**Stored data**
====
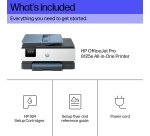 HP OfficeJet Pro 8125e Wireless All-in-One Color Printer, Instant Ink; Two-sided printing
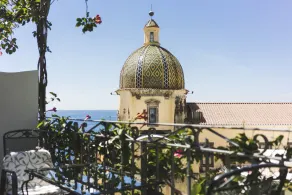 Hotel Palazzo Murat - Vue de la chambre
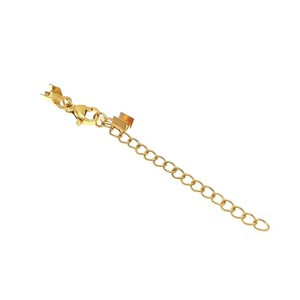 Stainless Steel Chain Clasp Set With Lobster Clasp And Extender For <b>Bracelet</b> Necklace Jewelry Making Accessories - Product Image 4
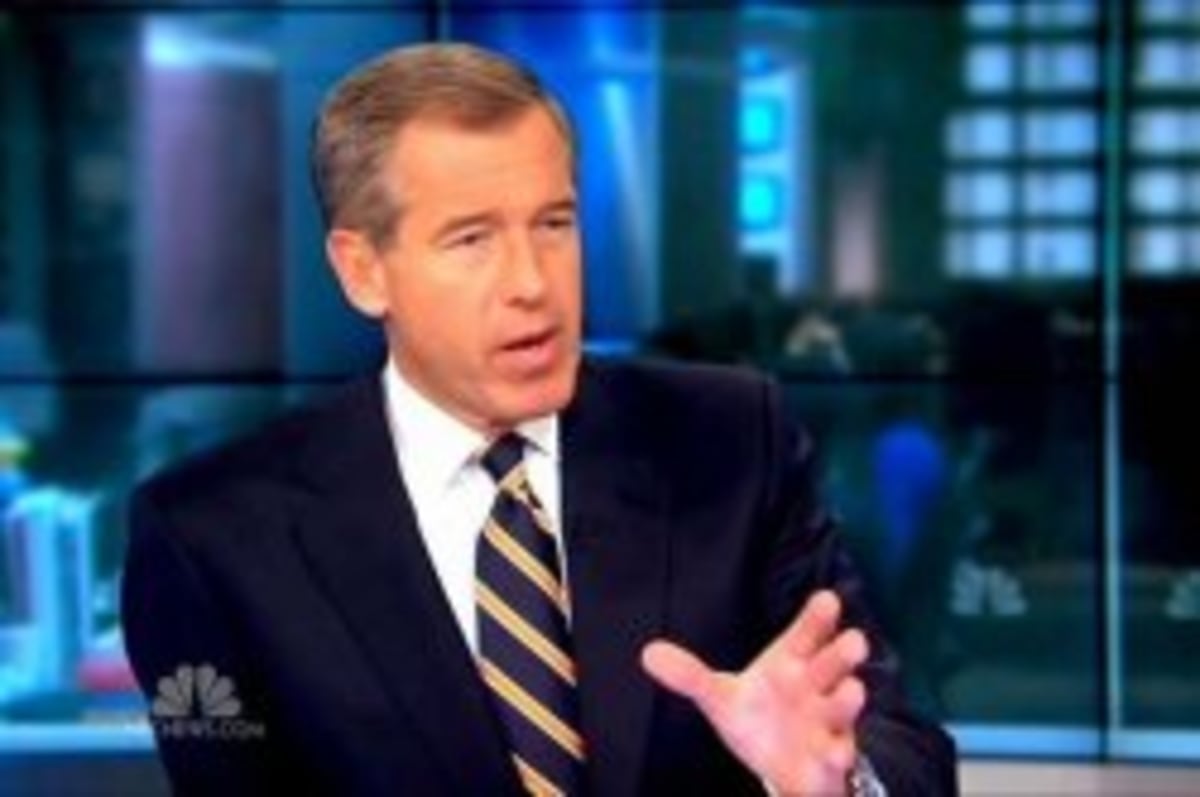 Brian Williams Was There 2 meme template: Brian Williams in a suit and tie, speaking earnestly, with his hands gesturing.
====
**Try it**
Could you give the listing again exactly, minus its pictures?

**Result below**
 HP OfficeJet Pro 8125e Wireless All-in-One Color Printer, Instant Ink; Two-sided printing
 Hotel Palazzo Murat - Vue de la chambre
 Stainless Steel Chain Clasp Set With Lobster Clasp And Extender For <b>Bracelet</b> Necklace Jewelry Making Accessories - Product Image 4
 Brian Williams Was There 2 meme template: Brian Williams in a suit and tie, speaking earnestly, with his hands gesturing.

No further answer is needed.